Przebudzenie Lewiatana to historia na skalę Układu Słonecznego – Ziemia jest kolebką życia, ale jest już ono możliwe w różnych zakątkach Układu. Terraformowany Mars ma największą armię w znanym wszechświecie, a Pas Asteroid to slumsy znanego świata. Ludzie, choć pochodzą z tego samego kawałka skały, zaczynają się od siebie różnić nie tylko na poziomie fizycznym, lecz także światopoglądowym.

Lód to jedno z najcenniejszych dóbr – jest źródłem wody, tlenu i azotu dla stacji wydobywczych w Pasie. Jego dostarczaniem zajmują się lodowcowce, wielkie i niezgrabne statki towarowe, od ktorych zależy życie ludzi. Jeden z tych statków odpowiada na wiadomość SOS, bo:
Prawo Układu Słonecznego było bardzo jednoznaczne.

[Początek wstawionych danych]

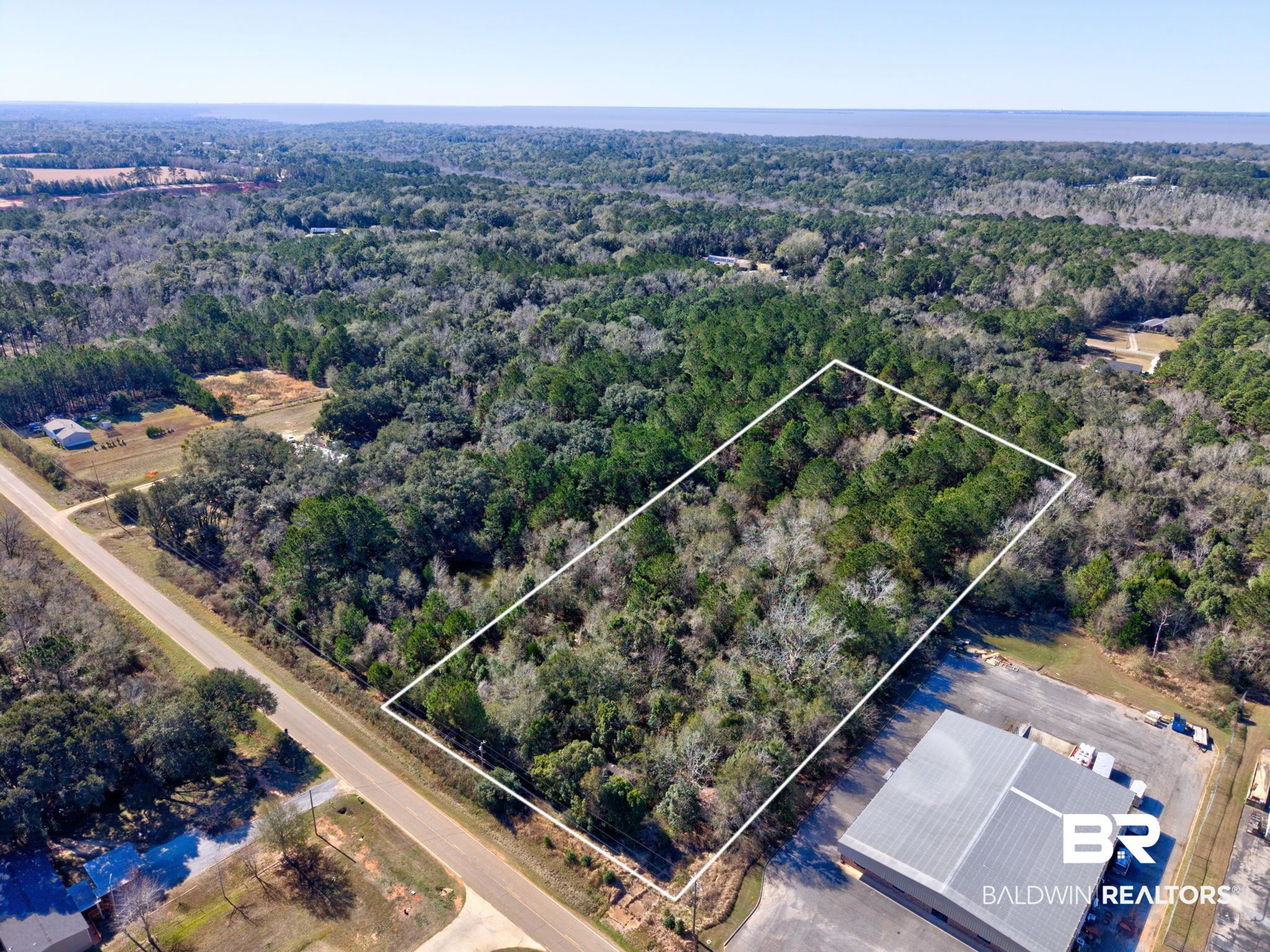 25280 Friendship Road Daphne, AL 36526 - Photo 1 of 34 Aerial view of property's location featuring a forest and property parcel outlined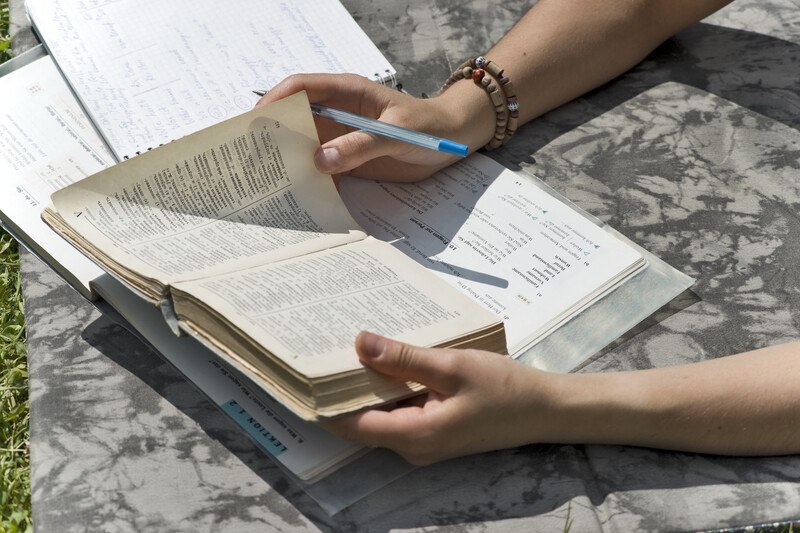 This photo shows a woman's hands holding a pen and an open dictionary over a binder, as if she is studying different words to use when translating text from one language to another.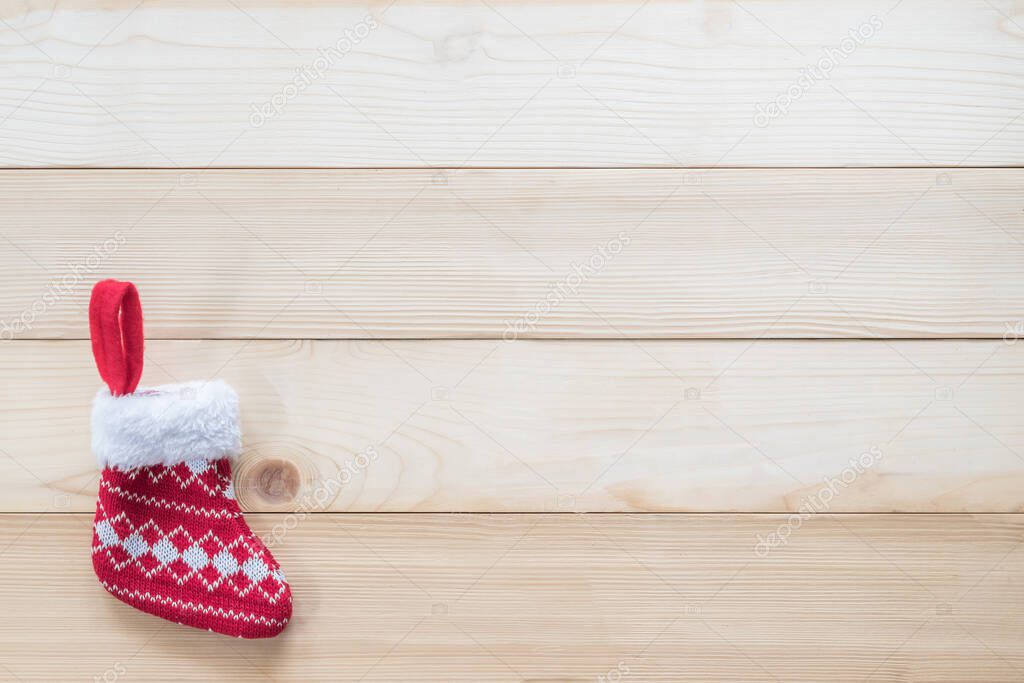 Christmas background with red baby sock xmas gift decoration on white pine wood table for boxing day, winter seasonal holiday and new year celebration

W środowisku tak wrogim życiu jak kosmos, pomoc i dobra wola innych ludzi nie były opcjonalne. Samo pojawienie się sygnału awaryjnego zobowiązywało najbliższy statek do zatrzymania się i udzielenia pomocy… choć prawo to nie było przestrzegane bezwarunkowo (s. 20).
To, co znajduje na miejscu ekipa ratunkowa to początek dramatu – całkowicie opuszczony statek nadający automatyczny sygnał jest przynętą. Ofiarą zostaje macierzysty lodowcowiec Jamesa Holdena. On sam ocalał wraz z kilkoma osobami z załogi, choć powinien był zginąć. Emocjonalna informacja nadana przez niego zaraz po wybuchu stała się zarzewiem wojny.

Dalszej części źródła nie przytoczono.